The Girl So Meek
I was born in a well-off family. My parents were always busy with work and did not have ample time to watch over me. I lived in a large joint family where the internal family terms were not good.
I was the youngest of my family. I was always directed to do things. There was nothing I could do on my own. After a few days, when it started becoming difficult to bind up the family issues, we shifted to another city, leaving behind the family and the business. My father had to start over with his business, and he faced a lot of struggles. That was a very tough time for all of us. We faced humiliation and lack of money, and on some days we went without food. We moved to a different place when things did not work out well.
As far back as I can remember, I have been a quiet, nervous kid. I wasn’t allowed to visit my relatives’ house. I was introduced to the family when I was 16 for the first time. When I went, I met my uncle, whom I did not recognize, as many years had gone by since I last met him. I made frequent visits to his house, as he showered me with chocolates and used to pay attention to my painting skills. I was quite innocent and wasn’t aware of his intentions, but things started getting uncomfortable with him.
Over time, he started to give me extended hugs and kisses on my forehead. As things continued, I told him I wasn’t comfortable with what he was doing. He didn’t listen and instead ramped things up and pushed me on the floor. I somehow escaped from him back and ran back to my apartment. I was so afraid to talk about it with anyone. Being unable to talk to anybody about what happened was making me feel really depressed.
A year and a half later, we moved away from the area, and by that time my father started another business and we were back to a stable life. But the memories of my uncle’s abuses started haunting me. I always thought about what might have happened if I had not been able to escape from there. I dug a deep hole inside me and decided not to share this incident with anyone.
A year later, I met my boyfriend, who entered my life with happiness and love.

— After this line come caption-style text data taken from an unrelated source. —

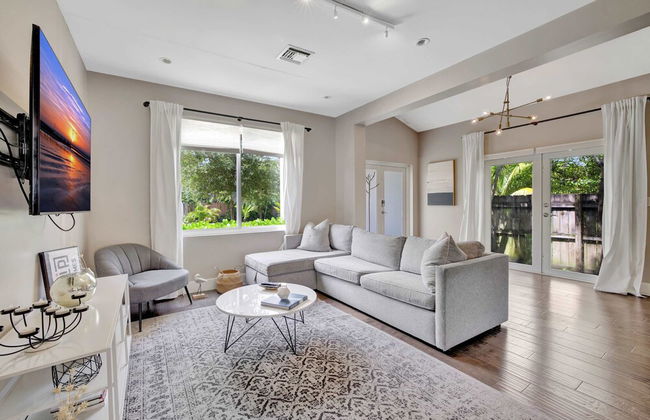 Sunshine House 3 BDR for 8! - Foto 16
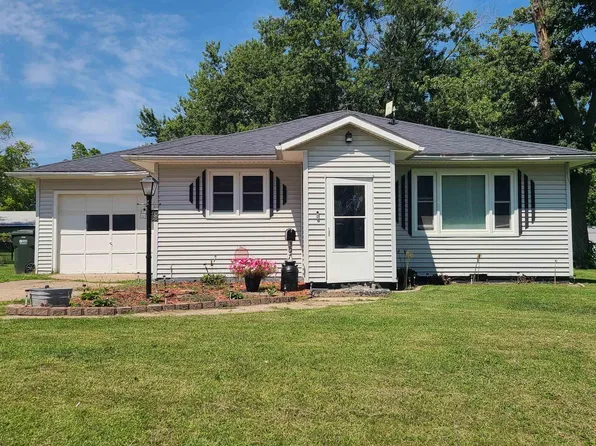 307 E Moore St, Corydon, IA 50060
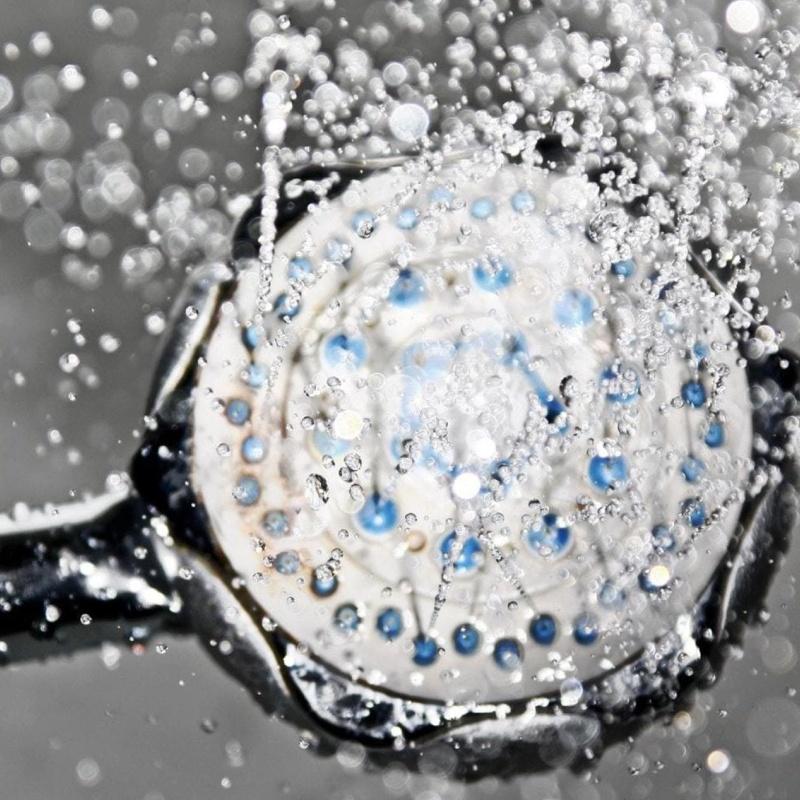 Installazione Doccia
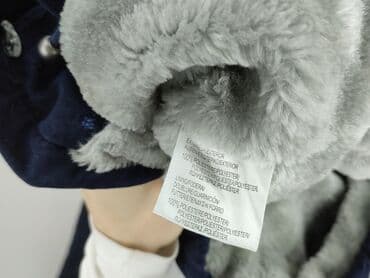 massimo dutti kurtki zimowe: PARKA, Parka damska, XS — 6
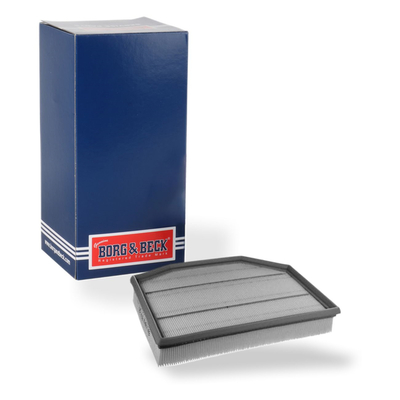 Borg & Beck BFA2502 Air Filter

He gave me all the love and attention I had craved for years from my parents. After two years of our relationship, I decided to share my story with him. I’m a person who is scared of disappointing people, and of being disliked. The irony is, it’s hard to be well-liked when you’re too scared to talk to someone. And the one I was going to talk to was the person I would never want to disappoint. But I had to tell him.
Somehow, I gathered enough strength to speak up about all the abuses I faced in those two years. After listening to everything that had happened to me, he found the reason for my anxiety attacks. His love and support helped me get out of the hole I had dug for myself. He has proven that, come what may, he’ll always be there for me. A few days ago, I introduced him to my mum—and she likes him, as well.
My story was something I never thought of disclosing to anyone, but I encourage other victims of abuse to talk to someone, however bad it seems or however trapped you feel. Someone will be able to help you. You will see the change in you, and will grow more inspired and strong because of your past.